Board vote could position county for a discrimination suit
The Hubbard County Board voted to revamp employee health benefits plans, a move outgoing commissioner Lyle Robinson said invited a lawsuit and poor morale among workers.
The 4-1 vote essentially wipes out single health insurance policies for county employees married to each other and forces those couples to purchase a family policy.
Robinson characterized it as "starting a labor fight over nothing."
The upshot of it is that Highway Department employee Marv Vredenberg and his wife, a county employee, stand to lose an estimated $1,200 a year in benefits beginning in 2013. They must sign onto a family plan for coverage even though they don't insure any dependents.
At least three other couples may be in a similar boat, including Hubbard County Attorney Don Dearstyne and wife Marie, a Social Services employee. Marie Dearstyne wanted to take out a single policy, with her husband insured under a "single plus dependants" policy for him and the children. That won't be allowed in 2013.
They must enroll in the family plan.
Moreover, if Dearstyne is an allegedly aggrieved party, the county will have to retain outside counsel to defend the county against a lawsuit.
Robinson argued the sums of money involved were so minor, they weren't worth fighting over.
"We'll pay a year and a half's worth of the retainer, we'll have a bunch of meetings," he said of hiring an attorney. "It'll take us five, six years if we win to break even. Why would you start a labor fight over nothing?"
Robinson said the vote also sends the wrong message to employees and will result in poor morale.
According to Coordinator Debbie Thompson, for the past decade, county employees married to each other have been allowed to purchase single health policies because in the long run it saved money.
She discovered in 2011 that was no longer the case. So she brought the issue to the Benefits Committee recently. That group made a recommendation to the board that single coverage for married county employees be terminated.
"The board approved a recommendation from the Benefits Committee that will be all family units going forward will receive the family premium amount and if they don't need the family coverage they can take that family premium and split it between the two of them and split it and take two single plans that are different from each other if they want it to be," Thompson said of the complicated board vote.
Vredenberg posited, and Robinson agreed, that he would be able to purchase a single policy if he was married to anyone but another county worker and that it was discriminatory to make him buy a family unit policy at a higher rate.
Marie Dearstyne essentially made a similar argument, saying that a couple's health needs might be vastly different from each other and require different policies.
"The county's intent with our benefit package has always been to provide health insurance coverage," Thompson said.
"The dollars that get contributed have gotten skewed over this last year and that's where the problem has come. We're trying to work in a direction where every employee is trying to get treated the same.
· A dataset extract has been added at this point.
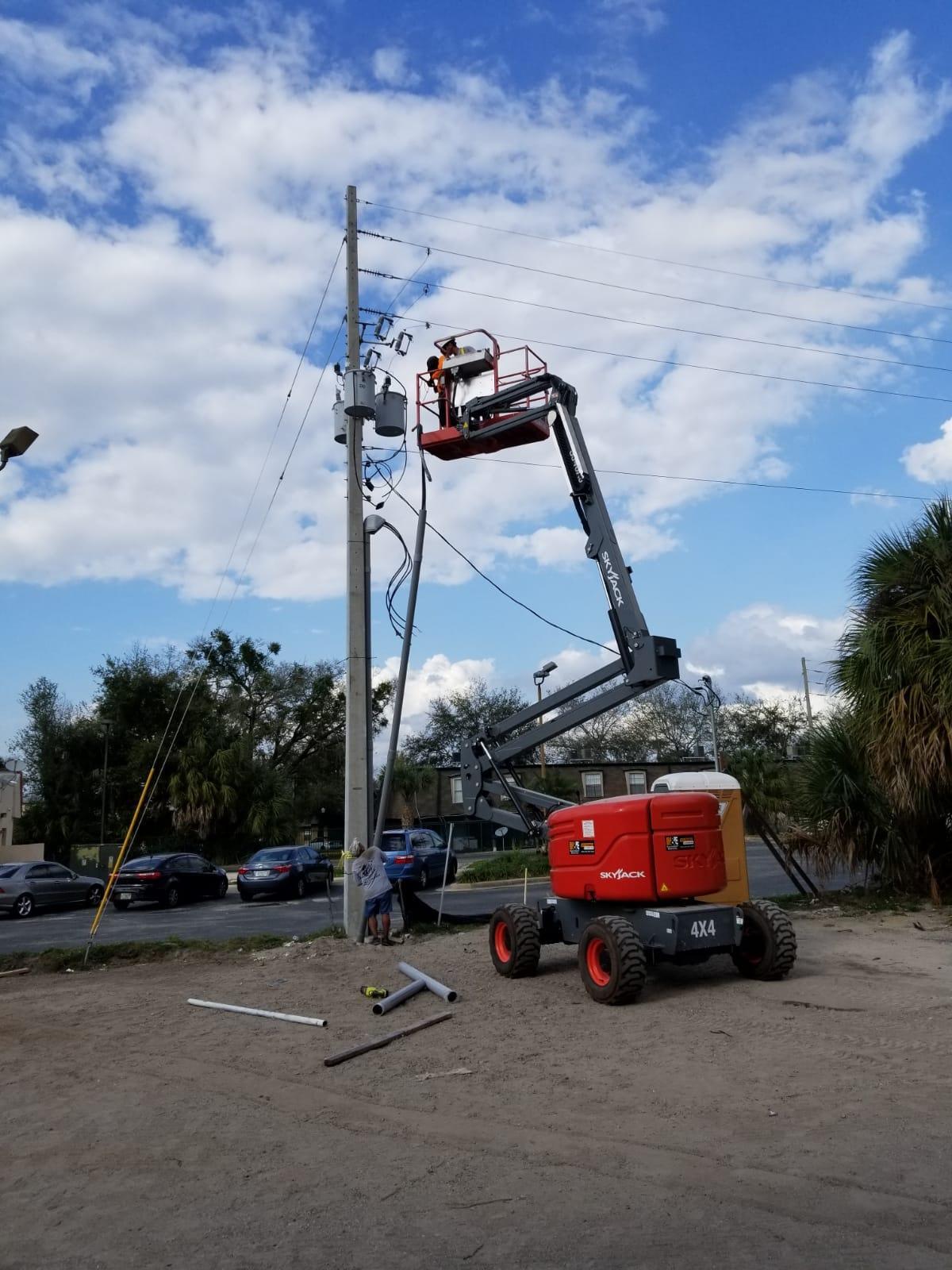 A man is working on a power pole with a crane.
"And that's what our union negotiations were about this spring, to freeze the single plus and family contributions and allow the single contribution to increase with whatever our rate increase is. Those are all going to come together someday. And then every employee will get the same amount."
But Robinson also questioned the timing of the vote because all but two of the county's unions have signed agreements, including the Highway Department, for which Vredenberg was a labor representative.
"All of my life we've been told we have to negotiate any change in the benefits through the union," Robinson said. "But now suddenly the board wants to make this change. We have a committee of people (Benefits Committee) and if you asked them to explain it to you, they can't. The ones that voted unanimously to do it, yet they can't understand or explain it to us," he fumed.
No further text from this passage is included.